“They were both legends, and frankly titans, of the early recording industry in their respective genres,” said Ted Olson, a professor in the department of Appalachian studies at East Tennessee State University.
Olson said Rodgers, who has been dubbed “The Father of Country Music,” was a luminary in what was then called “hillbilly music” and recorded during the 1927 Bristol sessions, which helped launch a successful career as a recording artist.
Although there were other major country musicians performing in that time period, Rodgers was a “key transitional figure,” Olson said, who put an innovative twist on traditional sounds.
Jefferson, meanwhile, was an African American blues guitarist and singer from Texas who recorded music for Paramount Records. “(He) was one of the best selling blues acts in what was at the time marketed as ‘race music,’ ” Olson said.

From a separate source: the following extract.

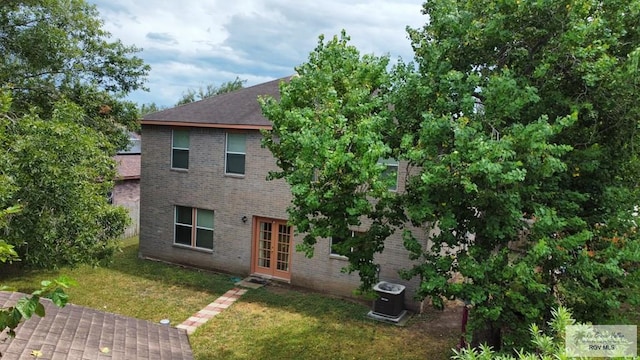 exterior space with a yard, french doors, and cooling unit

Over the years, Olson said Jefferson’s songs, including “Matchbox Blues” and “See That My Grave Is Kept Clean,” have influenced artists like Bob Dylan and The Beatles.

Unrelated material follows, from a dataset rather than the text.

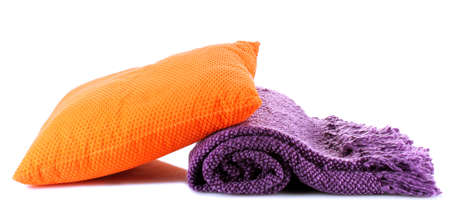 Warm plaid and color pillow, isolated on whiteの写真素材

Although their untimely deaths make them grim companions in the catalogue of artists who have died too early, the two musicians appear to have another thing common: They both visited Johnson City.
Rodgers visited the town in April 1927 to perform at a three-day annual convention in Johnson City for the 52nd District Rotary Club.
“I think Johnson City is a very important situation in Jimmie Rodgers’ career because it obviously connected him with some very compelling musicians,” Olson said.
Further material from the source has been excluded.